CNN learns feature mapping between corrupted and clean speech
This project uses very deep CNNs to learn feature mapping between corrupted speech features to clean ones The working example provided here uses a database called mixer-6, the corrupted speech has reverberation.
Requirements:
- The code is tested using Python 3.5. I recommend you should install python 3.5 by Anaconda 4.0.0 from https://repo.continuum.io/archive/. Anaconda has a lot of useful packages, such as scipy and numpy, which will save you time and avoid errors.
- The models are created using Pytorch. Install python here http://pytorch.org/. You should have GPU and CUDA.
- Optionally, you need a python module python_speech_features https://github.com/jameslyons/python_speech_features. But this is only useful in the last step in which you compute the delta features. But you can write your own code to do that. Also, you need scipy for the DCT operation. Anaconda provides scipy already.

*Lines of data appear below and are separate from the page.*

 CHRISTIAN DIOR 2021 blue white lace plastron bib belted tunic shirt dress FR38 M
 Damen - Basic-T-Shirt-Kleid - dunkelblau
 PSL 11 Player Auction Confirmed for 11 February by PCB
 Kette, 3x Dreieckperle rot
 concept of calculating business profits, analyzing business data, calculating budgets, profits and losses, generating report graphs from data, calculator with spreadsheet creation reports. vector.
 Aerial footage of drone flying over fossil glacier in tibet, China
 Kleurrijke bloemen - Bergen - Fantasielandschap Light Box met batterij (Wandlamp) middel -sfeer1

- Optionally, you need HTK. Our raw features are supposed to be in HTK format as the starting point. Also, the HTK tool HCompV will be used to compute the global mean and variance of the features.
Run the example
-
First, generate the training features, both from reverberant and clean wave:
mkdir fb_clean && mkdir fb_reverb
HCopy -A -T 1 -C convert.cfg -S reverb_wav2fb.lst
HCopy -A -T 1 -C convert.cfg -S clean_wav2fb.lst
The file convert.cfg tells HTK to output 31 channel log-mel features. You can generate whatever features you like, and store them in HTK format.
-
Compute the global mean and variance from training data, for both reverberant and clean speech:
HCompV -A -T 1 -c . -k '*.%%%' -q mv -S train_reverb_fea.lst
mv fea stat_reverb
HCompV -A -T 1 -c . -k '*.%%%' -q mv -S train_clean_fea.lst
mv fea stat_clean
The -k option tells HCompV to compute statistics from all files ending with the same last 3 characters in their filename, namely, globally, and -q mv tells HCompV to compute both mean and variance.
-
Run preprocess_cnn.py. This script convert the HTK features to the required pytorch tensor format. Later, when training the models, it's important to load a large chunk of features into memory, rather than loading one utterance at a time. proprocess_cnn.py randomly groups speech frames into a 0.5 hour chunk stored in a .h5 file. Later, these .h5 chunks will be loaded into memory to greatly speech up data loading. Also, preprocess_cnn.py does global mean and variance normalization. The reverberant speech has a longer duration than the clean data. preprocess.py simply throws away the extra frames of the reverberant data from the end.
-
Run train_cnn.py. It should be clear what the parameters mean if you know VGG and ResNet. The detailed model structures are in the module set_model_vgg.py and set_model_res.py.
-
Run test_cnn.py. This script takes an input list of corrupted utterances, normalizes their log-mel features using the global mean and variance from the reverberant training data, passes them through the trained CNN, and generates the estimated clean data. The estimated log-mel spectrum then goes through DCT and appends delta and double deltas to form the final features.